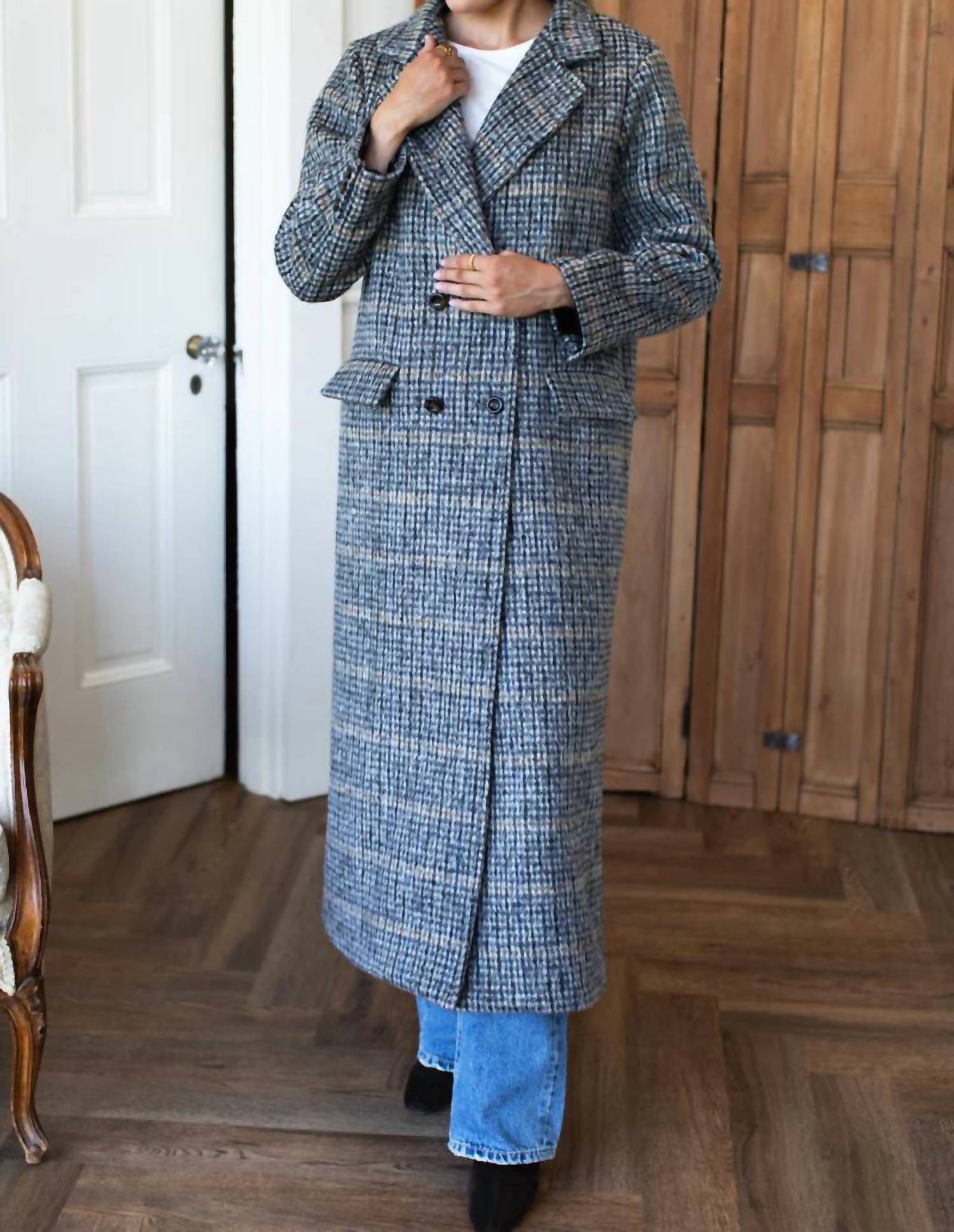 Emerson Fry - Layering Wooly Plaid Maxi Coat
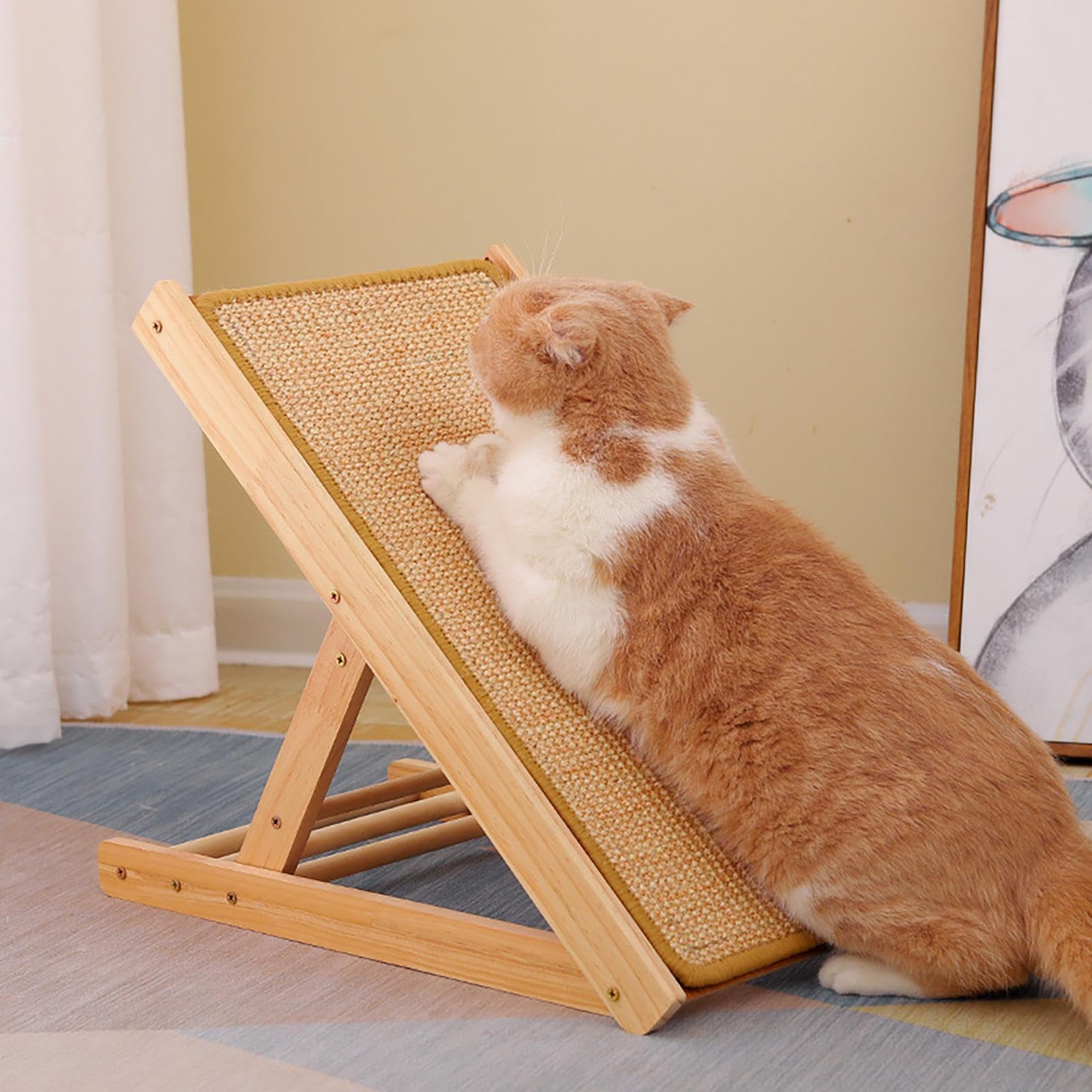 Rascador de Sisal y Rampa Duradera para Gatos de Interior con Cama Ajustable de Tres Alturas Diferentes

---

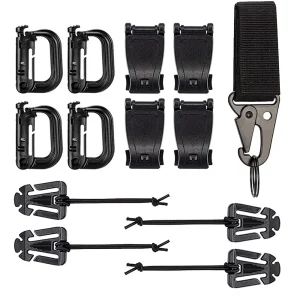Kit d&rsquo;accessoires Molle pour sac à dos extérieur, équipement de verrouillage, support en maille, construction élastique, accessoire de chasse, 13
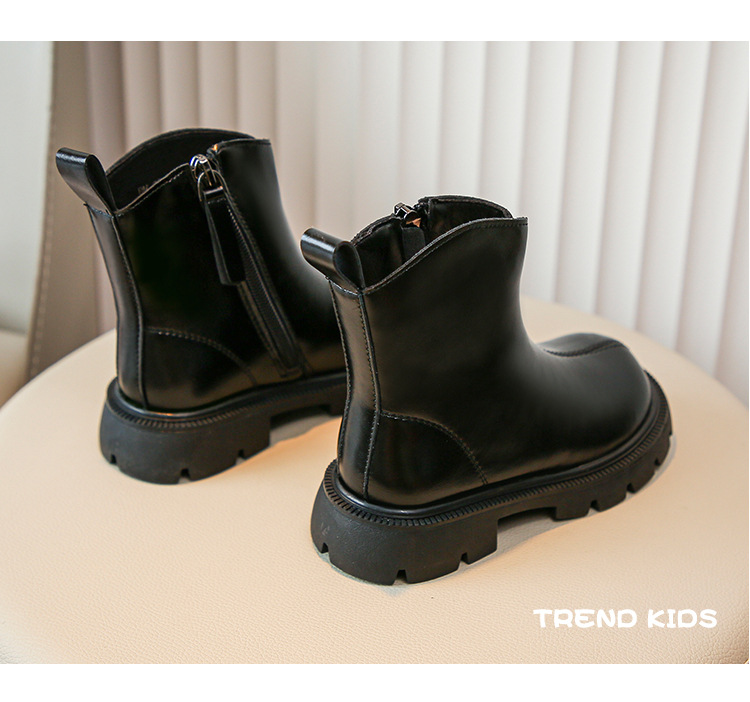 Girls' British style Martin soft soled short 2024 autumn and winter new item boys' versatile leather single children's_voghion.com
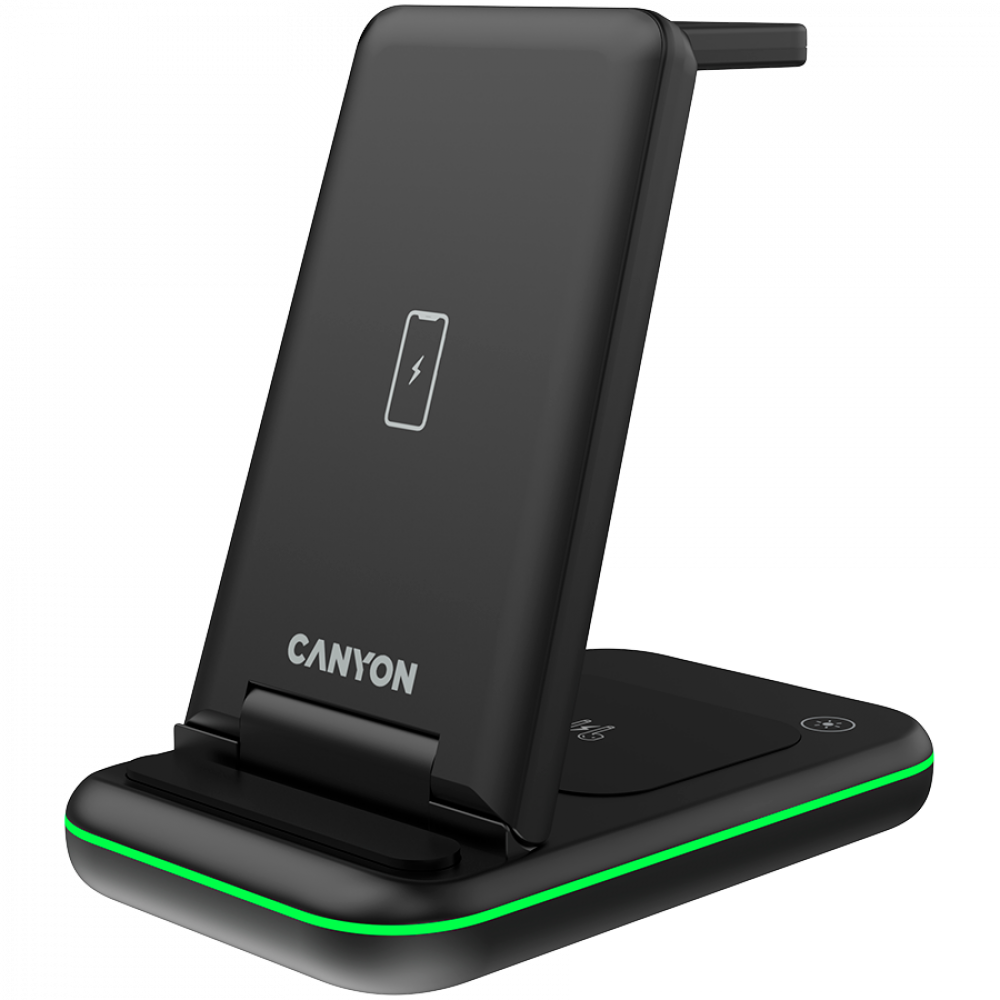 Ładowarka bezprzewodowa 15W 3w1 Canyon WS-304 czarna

§ **ABOUT THIS TASK**:
Please transcribe exactly the part of the records that opens with the line containing "Emerson Fry - Layering Wooly Plaid Maxi Coat" and closes with the line containing "Rascador de Sisal", both ends included, and leave out the pictures.

§ **COMPLETED EXERCISE**:
 Emerson Fry - Layering Wooly Plaid Maxi Coat
 Rascador de Sisal y Rampa Duradera para Gatos de Interior con Cama Ajustable de Tres Alturas Diferentes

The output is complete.